Marché de l’art – Des auspices favorables à Paris

Le marché de l’art contemporain n’a pas été épargné par la crise économique mondiale. Mais, depuis quelques mois, on évoque désormais un marché plutôt assagi que meurtri. La place parisienne et ses artistes, qui n’avaient que très peu péché dans l’euphorie spéculative, bénéficient d’un retour en grâce. Marchands et collectionneurs y croient !

S’il existait une échelle de Richter pour mesurer l’ampleur des secousses ressenties sur le marché de l’art contemporain, celle qui s’est abattue sur les ventes pendant huit mois entre le début de la crise mondiale et le printemps 2009, mériterait un bon 7. L’onde de choc fut majeure mais finalement peut-être pas si dévastatrice.
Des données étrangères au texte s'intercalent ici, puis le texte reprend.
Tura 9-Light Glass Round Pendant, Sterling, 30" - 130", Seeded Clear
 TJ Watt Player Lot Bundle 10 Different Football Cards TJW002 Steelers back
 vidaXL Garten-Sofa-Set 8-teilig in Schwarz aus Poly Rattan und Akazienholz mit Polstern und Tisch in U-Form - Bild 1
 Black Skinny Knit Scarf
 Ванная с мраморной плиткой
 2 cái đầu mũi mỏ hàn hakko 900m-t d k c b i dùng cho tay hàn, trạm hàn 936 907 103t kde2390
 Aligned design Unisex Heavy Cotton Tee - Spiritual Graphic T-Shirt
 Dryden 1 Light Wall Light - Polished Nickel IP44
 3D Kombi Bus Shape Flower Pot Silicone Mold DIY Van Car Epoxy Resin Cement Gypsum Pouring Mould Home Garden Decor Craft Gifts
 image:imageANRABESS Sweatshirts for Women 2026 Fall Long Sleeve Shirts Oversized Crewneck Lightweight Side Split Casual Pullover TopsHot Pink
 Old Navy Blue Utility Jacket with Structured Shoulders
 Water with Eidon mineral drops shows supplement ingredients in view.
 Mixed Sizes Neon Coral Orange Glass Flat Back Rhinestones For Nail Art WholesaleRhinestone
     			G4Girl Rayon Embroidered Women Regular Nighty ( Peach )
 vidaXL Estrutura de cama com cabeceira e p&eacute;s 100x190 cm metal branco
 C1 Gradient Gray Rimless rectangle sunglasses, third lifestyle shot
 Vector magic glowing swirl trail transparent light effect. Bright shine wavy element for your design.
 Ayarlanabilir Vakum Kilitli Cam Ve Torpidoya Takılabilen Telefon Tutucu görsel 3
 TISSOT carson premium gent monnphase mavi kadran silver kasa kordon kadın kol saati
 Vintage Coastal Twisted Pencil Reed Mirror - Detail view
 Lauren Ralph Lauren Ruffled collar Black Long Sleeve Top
Le marché de l’art contemporain porte en lui, par nature, une dimension spéculative et les œuvres ne trouvent leur légitimation qu’à travers le long terme. Ce segment a donc naturellement été le plus durement touché. En 2008, les prix avaient chuté de 34,5 %, selon Artprice. Si le nombre de ventes, en volume, a encore cédé du terrain l’an passé, 2009 n’a pas été l’annus horribilis que l’on pouvait craindre. Encore moins sur le marché parisien qui aurait presque recouvré des couleurs « grâce » à cette crise.

Une vente d’art contemporain @chez Christie’s à New York

« Nous avons retrouvé une vraie demande, un marché assagi, seulement quelques mois après une fin d’année 2008 et un début 2009 très difficiles liés à l’inquiétude des vendeurs », affirme Jean-Olivier Desprès, directeur du département Art d’Après-Guerre et Contemporain chez Christie’s. « En cela, la vente de la collection Yves Saint Laurent a joué un rôle fondamental car elle a prouvé à ceux qui en doutaient que les acheteurs étaient toujours là », souligne-t-il (ndlr : réalisée par Christie’s, cette vente a atteint un record mondial pour une collection privée. Elle a totalisé 182 millions d’euros pour des œuvres impressionnistes et modernes).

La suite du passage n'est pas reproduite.